Cher Monsieur Domenech

             - Permettez-moi avant de commencer, de vous tutoyer car le tutoiement est le meilleur moyen de ne pas mettre des limites dans une conversation . -                                                                                                                 Je  voudrais te dire qu'il n'existe pas de postes, de fonctions, fussent-ils les plus pervers, qui n'aient strictement été soumis aux critiques. Aujourd'hui voilà que le triste vieux monde du football s'acharne contre toi, en foulant aux pieds ton honneur, sous prétexte ; et à cause de toi le rêve des footeux s'est envolé en cette coupe du monde. D 'ici comme ailleurs, l'on ne cesse de te tirer le tapis comme si le seul fautif, c'est toi. La bien pensante presse s'enflamme à l'idée que tout est à jeter dans l'héritage de tes prédécesseurs et , depuis ton accession au poste de sélectionneur de l'équipe de France de football, aucune victoire digne, aucun trophée ne peut être mis à ton actif. Tout n'est que ruines fumantes dans ton bilan.
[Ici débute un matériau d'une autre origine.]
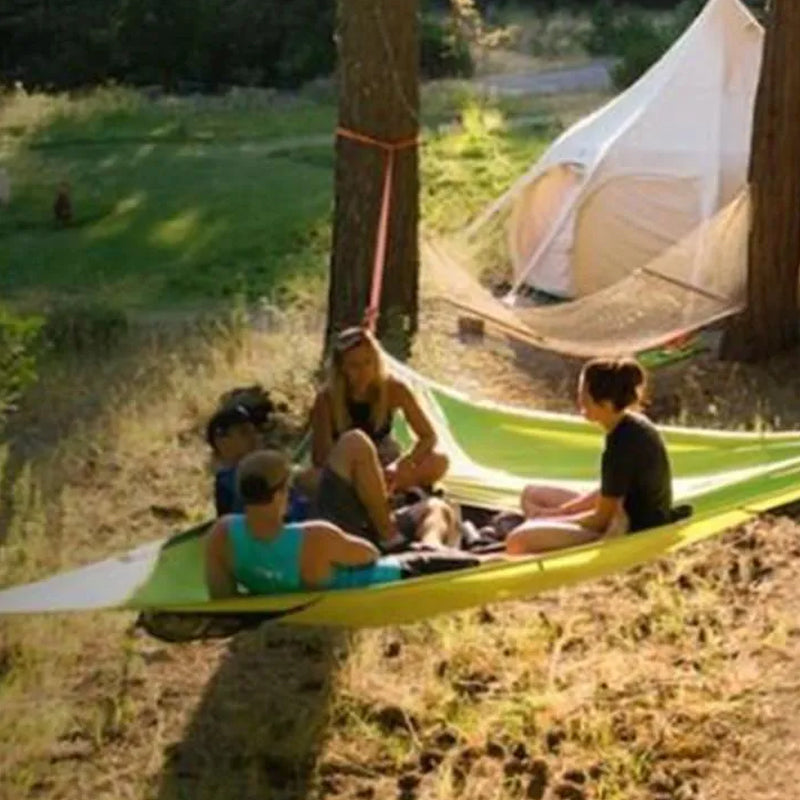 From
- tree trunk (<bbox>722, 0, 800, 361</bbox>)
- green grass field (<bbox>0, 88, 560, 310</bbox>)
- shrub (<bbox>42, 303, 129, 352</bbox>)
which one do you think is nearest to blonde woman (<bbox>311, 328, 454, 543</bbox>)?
tree trunk (<bbox>722, 0, 800, 361</bbox>)

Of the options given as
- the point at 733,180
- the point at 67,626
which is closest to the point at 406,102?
the point at 733,180

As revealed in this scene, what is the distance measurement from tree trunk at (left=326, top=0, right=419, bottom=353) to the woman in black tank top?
2319mm

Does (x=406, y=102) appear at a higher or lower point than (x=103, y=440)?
higher

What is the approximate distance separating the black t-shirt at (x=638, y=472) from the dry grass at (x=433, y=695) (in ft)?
1.32

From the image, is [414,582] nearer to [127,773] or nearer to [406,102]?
[127,773]

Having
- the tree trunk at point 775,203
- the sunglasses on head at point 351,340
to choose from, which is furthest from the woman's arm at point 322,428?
the tree trunk at point 775,203

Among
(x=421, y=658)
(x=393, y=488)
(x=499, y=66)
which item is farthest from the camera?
(x=499, y=66)

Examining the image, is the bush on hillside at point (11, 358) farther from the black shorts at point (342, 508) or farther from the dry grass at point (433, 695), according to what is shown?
the black shorts at point (342, 508)

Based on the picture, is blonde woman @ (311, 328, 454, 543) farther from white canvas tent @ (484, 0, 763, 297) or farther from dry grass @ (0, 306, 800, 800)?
white canvas tent @ (484, 0, 763, 297)

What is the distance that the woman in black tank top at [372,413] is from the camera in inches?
189

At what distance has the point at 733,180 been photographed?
8820 mm

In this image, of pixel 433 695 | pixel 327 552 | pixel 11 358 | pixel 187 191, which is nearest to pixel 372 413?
pixel 433 695

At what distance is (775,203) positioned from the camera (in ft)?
22.9

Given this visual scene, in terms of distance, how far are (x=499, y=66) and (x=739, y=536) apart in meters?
17.5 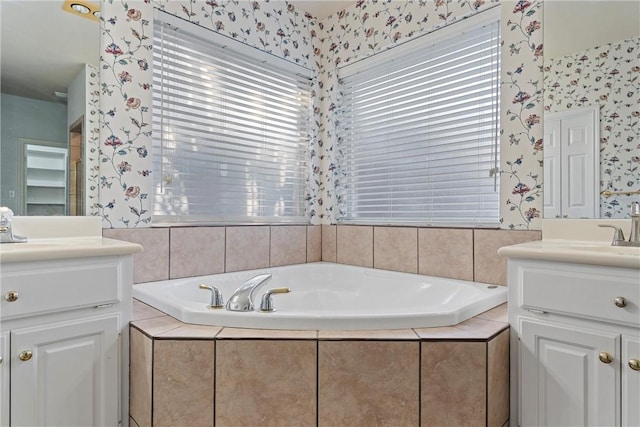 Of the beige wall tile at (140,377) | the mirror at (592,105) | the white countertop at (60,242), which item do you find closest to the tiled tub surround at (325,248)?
the white countertop at (60,242)

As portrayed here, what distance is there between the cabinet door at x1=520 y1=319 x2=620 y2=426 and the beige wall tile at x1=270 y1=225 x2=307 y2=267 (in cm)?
157

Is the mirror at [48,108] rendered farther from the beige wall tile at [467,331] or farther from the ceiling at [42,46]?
the beige wall tile at [467,331]

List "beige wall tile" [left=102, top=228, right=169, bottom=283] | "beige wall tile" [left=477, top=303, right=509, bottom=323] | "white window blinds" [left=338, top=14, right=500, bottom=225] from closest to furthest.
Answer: "beige wall tile" [left=477, top=303, right=509, bottom=323]
"beige wall tile" [left=102, top=228, right=169, bottom=283]
"white window blinds" [left=338, top=14, right=500, bottom=225]

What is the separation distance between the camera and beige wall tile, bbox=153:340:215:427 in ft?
4.04

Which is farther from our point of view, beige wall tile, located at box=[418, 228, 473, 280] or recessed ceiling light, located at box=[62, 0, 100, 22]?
beige wall tile, located at box=[418, 228, 473, 280]

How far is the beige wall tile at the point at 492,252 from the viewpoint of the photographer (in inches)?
75.5

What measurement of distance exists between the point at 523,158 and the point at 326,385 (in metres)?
1.44

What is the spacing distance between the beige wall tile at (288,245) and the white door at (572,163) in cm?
151

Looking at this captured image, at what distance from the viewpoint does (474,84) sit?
82.8 inches

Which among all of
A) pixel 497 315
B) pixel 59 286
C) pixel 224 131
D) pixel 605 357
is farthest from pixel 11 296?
pixel 605 357

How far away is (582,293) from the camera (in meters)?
1.21

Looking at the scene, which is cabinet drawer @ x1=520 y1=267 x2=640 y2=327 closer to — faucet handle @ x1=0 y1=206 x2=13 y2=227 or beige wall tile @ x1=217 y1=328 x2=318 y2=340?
beige wall tile @ x1=217 y1=328 x2=318 y2=340

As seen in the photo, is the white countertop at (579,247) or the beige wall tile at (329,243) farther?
the beige wall tile at (329,243)

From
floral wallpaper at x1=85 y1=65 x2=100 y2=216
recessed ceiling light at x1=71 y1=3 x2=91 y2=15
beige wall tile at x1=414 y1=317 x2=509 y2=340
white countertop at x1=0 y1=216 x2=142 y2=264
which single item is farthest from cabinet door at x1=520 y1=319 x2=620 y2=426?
recessed ceiling light at x1=71 y1=3 x2=91 y2=15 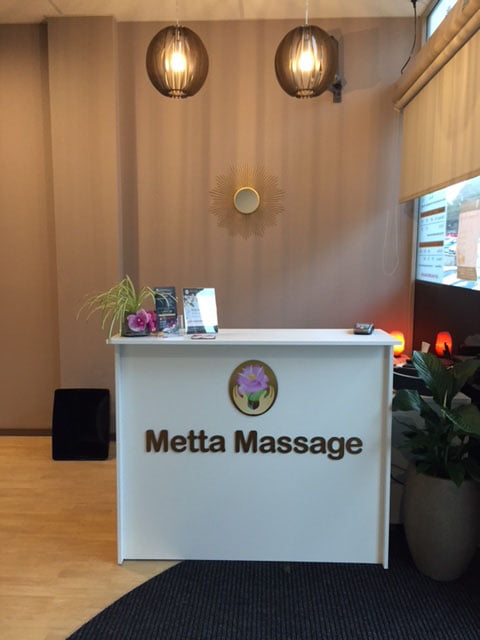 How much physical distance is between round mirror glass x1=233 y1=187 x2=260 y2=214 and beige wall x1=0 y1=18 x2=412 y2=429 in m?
0.22

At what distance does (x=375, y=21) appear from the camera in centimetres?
382

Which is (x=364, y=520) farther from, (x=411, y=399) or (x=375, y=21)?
(x=375, y=21)

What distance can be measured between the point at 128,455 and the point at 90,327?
181cm

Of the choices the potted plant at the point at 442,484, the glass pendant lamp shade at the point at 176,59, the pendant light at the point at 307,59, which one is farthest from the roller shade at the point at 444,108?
the glass pendant lamp shade at the point at 176,59

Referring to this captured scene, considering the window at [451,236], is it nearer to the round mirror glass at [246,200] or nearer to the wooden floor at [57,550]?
the round mirror glass at [246,200]

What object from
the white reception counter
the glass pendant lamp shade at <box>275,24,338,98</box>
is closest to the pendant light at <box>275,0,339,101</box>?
the glass pendant lamp shade at <box>275,24,338,98</box>

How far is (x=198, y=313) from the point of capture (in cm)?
247

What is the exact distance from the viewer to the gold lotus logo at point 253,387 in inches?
93.8

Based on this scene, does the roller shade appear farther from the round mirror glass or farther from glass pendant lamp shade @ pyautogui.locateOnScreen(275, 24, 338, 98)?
the round mirror glass

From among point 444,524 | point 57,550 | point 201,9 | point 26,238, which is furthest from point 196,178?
point 444,524

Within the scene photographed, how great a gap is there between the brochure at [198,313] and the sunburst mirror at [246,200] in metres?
1.67

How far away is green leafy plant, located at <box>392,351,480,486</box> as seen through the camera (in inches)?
89.0

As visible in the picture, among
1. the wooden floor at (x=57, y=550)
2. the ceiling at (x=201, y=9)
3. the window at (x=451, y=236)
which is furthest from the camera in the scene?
the ceiling at (x=201, y=9)

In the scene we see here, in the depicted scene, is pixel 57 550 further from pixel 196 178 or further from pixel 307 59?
pixel 196 178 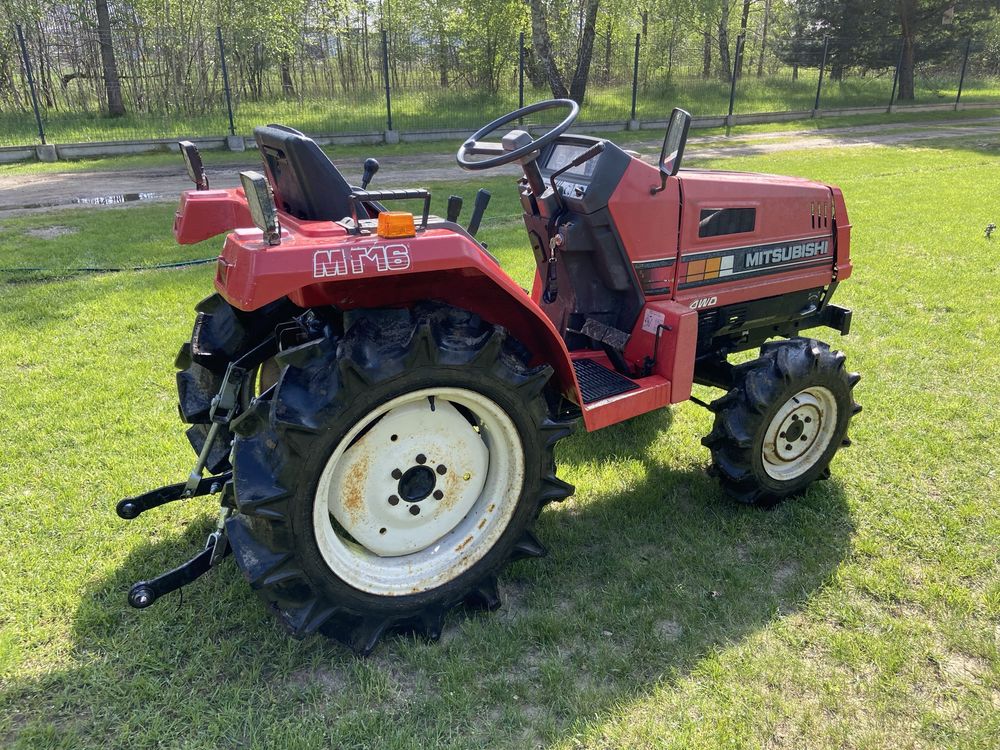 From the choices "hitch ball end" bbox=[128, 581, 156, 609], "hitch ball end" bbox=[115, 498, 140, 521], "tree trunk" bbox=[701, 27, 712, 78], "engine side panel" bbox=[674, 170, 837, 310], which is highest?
"tree trunk" bbox=[701, 27, 712, 78]

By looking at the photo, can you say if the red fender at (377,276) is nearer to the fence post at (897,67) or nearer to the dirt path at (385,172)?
the dirt path at (385,172)

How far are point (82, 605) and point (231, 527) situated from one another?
0.83m

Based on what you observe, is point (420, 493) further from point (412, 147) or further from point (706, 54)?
point (706, 54)

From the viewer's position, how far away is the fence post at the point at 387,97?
14.9m

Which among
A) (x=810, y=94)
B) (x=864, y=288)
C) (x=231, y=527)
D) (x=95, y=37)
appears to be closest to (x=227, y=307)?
(x=231, y=527)

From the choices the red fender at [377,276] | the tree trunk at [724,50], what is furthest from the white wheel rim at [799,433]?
the tree trunk at [724,50]

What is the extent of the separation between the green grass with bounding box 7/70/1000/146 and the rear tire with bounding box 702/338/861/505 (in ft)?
47.5

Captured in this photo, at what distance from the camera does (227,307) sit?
8.91ft

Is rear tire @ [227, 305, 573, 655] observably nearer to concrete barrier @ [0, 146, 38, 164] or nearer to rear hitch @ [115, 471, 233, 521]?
rear hitch @ [115, 471, 233, 521]

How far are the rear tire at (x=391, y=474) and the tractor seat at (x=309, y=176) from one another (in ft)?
1.50

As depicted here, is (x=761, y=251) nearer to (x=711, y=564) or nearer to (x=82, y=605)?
(x=711, y=564)

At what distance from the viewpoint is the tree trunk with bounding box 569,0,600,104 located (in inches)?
747

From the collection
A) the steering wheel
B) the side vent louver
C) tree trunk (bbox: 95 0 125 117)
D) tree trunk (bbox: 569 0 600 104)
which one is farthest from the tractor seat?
tree trunk (bbox: 569 0 600 104)

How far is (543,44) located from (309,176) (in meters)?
17.5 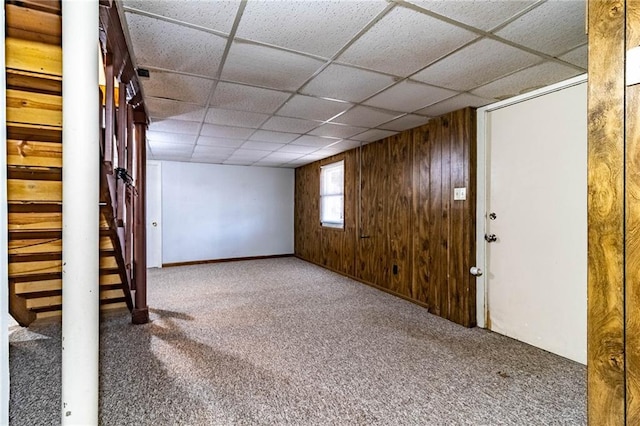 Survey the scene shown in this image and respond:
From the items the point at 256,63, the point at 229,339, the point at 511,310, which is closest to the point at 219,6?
the point at 256,63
    Mais allons plus loin, mon cher Domenech : Quoi que feigne de dire tes détracteurs, j'apprécie enormément tes qualités d'homme ; ce qui n'est pas mal déjà. Mais l'envie de t'écrire cette lettre ouverte résulte du fait que tu passes aux yeux d'une grande partie de l'opinion pour un tyranneau narcissique et caractériel. J'en conviens bien !                                         D'aucuns diraient même plus : A tort ou à raison, tu n'as pas le sens de la fonction que t'as exercé - puisque ton mandat s'achève là, ce jour de ton dernier match avec l'Afrique du sud. En sus, t'as un côté galopin qui fait philosophe, illuminé mais qui ne rend vraiment pas compte de l'importance de la chose. D'autres par ailleurs soulignent d'un phénomène bien plus profond , qui est l'insuffisance de la communication et du management. Ce sont des démarches très importantes que t'as botté en l'air , préférant les mettre sur le banc des réserves. Cette façon de lire le foot et d'entraîner les joueurs ne relève que de toi, Domenech. Comme s'empresse de dire si bien Franck Poaty, mon ami " Domenech ne fait que de Domenech ".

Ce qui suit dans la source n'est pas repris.